Portret użytkownika Rafał89

Poniosło mnie trochę, fakt.

Poniosło mnie trochę, fakt. Tolerancja dla innych, ok - dopóty, dopóki swoimi czynami i słowami nie krzywdzą innych i bez różnicy co głoszą i myślą o czymkolwiek.

Portret użytkownika canis lupus

@Rafał89 - widzę, że z tobą

@Rafał89 - widzę, że z tobą nie da się rozmawiać sądząc po Twojej wypowiedzi.
Po za tym, ja nikogo na mam zamiaru nawracać, to raz.
A dwa, myślisz, że jesteś mega super hiper, bo mi wypomniałeś to, że ja jestem przeciwny?
Teraz sobie zauważ, że zrobiłeś to samo. Ja jestem przeciwny bi i homo, a Ty jesteś przeciwko mnie. I tak wygląda tolerancja tak?
Idąc dalej. Każdy ma wolną wolę i nie ,, Bóg tak chciał", bo Bóg nie jest kowalem naszych losów, tylko jak już, to pozwala na to. To jest zasadnicza różnica.

Jeśli chcesz o tym podyskutować, zapraszam na priv.

Portret użytkownika canis lupus

Ok z kolegą @Rafał89 zamykamy

Ok z kolegą @Rafał89 zamykamy spór, bo nie on jest przedmiotem bloga. Wink

Portret użytkownika fuse

Pomijając kwestie orientacji

Pomijając kwestie orientacji seksualnej i innych piardół- to jest jakaś z*ebana zmora naszych czasów.
Spotykam się z laską, "zdeklarowaną singielką". Przed monitorem uprawia istne rodeo na klawiaturze- smęci, mędzi, łapie za słówka, bawi się w "twardą i niezależną" laskę etc. Kiedy już się spotkamy, nagle bicz-szild znika. Podążając za prawidłami psychologicznymi, samo słowo to nawet nie połowa tego co tak NAPRAWDĘ przekazujemy.

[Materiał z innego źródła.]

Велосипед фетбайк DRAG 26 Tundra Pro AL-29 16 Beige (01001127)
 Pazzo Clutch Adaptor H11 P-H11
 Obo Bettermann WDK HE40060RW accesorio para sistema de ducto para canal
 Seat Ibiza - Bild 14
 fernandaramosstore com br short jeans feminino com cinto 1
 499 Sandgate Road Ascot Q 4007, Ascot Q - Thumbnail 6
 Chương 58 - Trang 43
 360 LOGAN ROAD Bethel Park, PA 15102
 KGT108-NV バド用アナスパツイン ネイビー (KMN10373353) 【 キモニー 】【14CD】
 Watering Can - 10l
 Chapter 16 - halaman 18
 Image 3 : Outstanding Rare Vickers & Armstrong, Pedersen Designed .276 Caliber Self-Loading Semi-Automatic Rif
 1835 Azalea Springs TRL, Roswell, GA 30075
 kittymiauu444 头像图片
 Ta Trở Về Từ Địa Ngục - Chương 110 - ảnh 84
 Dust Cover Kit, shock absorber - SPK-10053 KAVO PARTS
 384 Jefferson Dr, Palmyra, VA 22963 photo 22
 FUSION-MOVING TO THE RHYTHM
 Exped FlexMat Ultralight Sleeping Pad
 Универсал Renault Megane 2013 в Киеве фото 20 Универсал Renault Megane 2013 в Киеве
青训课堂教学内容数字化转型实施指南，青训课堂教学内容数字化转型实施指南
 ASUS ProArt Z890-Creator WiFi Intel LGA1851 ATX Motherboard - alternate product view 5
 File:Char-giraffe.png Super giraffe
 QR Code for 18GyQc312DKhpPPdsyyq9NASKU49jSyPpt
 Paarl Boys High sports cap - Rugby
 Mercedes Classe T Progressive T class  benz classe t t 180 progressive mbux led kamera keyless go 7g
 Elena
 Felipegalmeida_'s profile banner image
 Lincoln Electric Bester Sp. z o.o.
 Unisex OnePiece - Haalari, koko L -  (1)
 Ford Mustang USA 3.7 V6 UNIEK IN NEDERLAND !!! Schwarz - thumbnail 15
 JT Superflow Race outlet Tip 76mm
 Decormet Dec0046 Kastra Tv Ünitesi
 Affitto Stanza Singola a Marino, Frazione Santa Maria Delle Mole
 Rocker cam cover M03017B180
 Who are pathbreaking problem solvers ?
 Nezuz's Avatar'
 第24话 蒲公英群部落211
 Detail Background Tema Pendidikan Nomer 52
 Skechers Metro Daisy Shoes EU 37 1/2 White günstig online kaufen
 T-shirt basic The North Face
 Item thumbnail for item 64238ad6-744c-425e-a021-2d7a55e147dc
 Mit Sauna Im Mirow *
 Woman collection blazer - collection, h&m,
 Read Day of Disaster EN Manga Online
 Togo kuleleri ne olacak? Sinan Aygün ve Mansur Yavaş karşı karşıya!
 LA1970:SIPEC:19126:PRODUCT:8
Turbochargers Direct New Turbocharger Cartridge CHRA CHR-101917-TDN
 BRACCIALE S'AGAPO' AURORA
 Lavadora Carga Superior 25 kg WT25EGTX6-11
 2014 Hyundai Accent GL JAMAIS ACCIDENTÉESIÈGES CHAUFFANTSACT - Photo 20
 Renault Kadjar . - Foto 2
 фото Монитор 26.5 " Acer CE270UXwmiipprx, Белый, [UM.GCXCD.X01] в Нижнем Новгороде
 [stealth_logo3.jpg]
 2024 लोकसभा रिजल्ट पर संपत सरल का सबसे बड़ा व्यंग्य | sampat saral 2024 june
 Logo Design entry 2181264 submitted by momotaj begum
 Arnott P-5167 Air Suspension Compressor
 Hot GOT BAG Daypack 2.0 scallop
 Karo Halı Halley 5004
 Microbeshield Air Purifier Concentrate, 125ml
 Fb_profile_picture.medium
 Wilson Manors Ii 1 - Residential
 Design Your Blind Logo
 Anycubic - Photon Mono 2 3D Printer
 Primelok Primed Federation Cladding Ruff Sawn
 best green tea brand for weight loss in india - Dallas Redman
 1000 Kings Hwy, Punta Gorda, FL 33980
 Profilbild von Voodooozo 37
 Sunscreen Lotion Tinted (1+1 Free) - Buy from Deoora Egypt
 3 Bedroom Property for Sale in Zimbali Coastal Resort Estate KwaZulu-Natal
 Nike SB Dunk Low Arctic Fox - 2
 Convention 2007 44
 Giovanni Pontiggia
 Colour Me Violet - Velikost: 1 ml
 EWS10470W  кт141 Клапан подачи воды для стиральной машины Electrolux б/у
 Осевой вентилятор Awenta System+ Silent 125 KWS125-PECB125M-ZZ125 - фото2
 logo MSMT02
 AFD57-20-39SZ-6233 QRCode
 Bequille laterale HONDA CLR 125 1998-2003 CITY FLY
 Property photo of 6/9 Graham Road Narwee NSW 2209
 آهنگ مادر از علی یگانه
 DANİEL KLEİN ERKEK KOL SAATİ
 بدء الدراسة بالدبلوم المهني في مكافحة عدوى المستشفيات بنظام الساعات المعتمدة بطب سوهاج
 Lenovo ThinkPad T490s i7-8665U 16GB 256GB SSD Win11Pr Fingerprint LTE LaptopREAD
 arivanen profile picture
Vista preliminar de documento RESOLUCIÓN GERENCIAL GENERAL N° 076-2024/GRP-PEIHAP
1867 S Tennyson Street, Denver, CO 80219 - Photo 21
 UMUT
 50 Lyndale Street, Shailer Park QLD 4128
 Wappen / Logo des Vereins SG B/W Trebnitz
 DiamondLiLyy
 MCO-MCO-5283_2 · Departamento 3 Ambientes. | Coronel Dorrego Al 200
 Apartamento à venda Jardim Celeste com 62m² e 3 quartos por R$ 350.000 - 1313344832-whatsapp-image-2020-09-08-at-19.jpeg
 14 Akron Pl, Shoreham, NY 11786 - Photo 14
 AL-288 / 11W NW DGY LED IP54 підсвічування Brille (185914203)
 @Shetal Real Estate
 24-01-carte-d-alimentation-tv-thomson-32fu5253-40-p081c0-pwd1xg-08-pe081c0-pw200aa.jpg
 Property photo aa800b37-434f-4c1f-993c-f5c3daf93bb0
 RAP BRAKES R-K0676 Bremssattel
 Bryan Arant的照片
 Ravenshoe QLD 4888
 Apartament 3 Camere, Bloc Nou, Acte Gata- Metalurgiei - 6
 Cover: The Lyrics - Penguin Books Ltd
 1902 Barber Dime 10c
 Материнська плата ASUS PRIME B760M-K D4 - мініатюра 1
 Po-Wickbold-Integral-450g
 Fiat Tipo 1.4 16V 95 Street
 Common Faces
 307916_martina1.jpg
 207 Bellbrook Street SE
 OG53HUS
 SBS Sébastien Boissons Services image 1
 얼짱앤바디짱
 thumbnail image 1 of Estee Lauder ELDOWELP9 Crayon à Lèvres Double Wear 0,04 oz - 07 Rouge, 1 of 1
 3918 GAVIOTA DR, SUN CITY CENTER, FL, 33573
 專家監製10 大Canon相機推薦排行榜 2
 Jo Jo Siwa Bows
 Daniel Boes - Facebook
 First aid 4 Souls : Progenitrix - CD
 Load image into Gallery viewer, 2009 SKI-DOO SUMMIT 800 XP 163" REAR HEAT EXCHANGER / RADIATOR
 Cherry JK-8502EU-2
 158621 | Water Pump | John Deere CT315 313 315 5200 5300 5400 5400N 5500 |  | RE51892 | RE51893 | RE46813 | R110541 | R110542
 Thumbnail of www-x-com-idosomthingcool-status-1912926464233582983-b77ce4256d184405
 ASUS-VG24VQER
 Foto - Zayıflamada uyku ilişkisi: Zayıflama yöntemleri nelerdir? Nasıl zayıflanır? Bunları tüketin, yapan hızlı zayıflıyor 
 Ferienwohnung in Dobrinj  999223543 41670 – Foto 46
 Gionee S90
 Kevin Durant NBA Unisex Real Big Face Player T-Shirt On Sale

Co do wyznań. Śmiesznie brzmi takie ograniczenie czasowe- "do końca pełnego roku jeszcze 3...2...1... MOGĘ POWIEDZIEĆ, ŻE JĄ KOCHAAAM, JEE!!1!raz". To jest proste, jak czujesz, że to czas, mówisz. Bez pier*olenia o farmazonach.

Już tak na zakończenie. To jest blog Wilka, można agresywnie zareagować na treść, kiedy zacznie relacjonować DG z przedszkolakami w roli głównej. Wtedy sobie, Rafale, podskakuj z "odpierdalajkami". Tolerancja działa w dwie strony.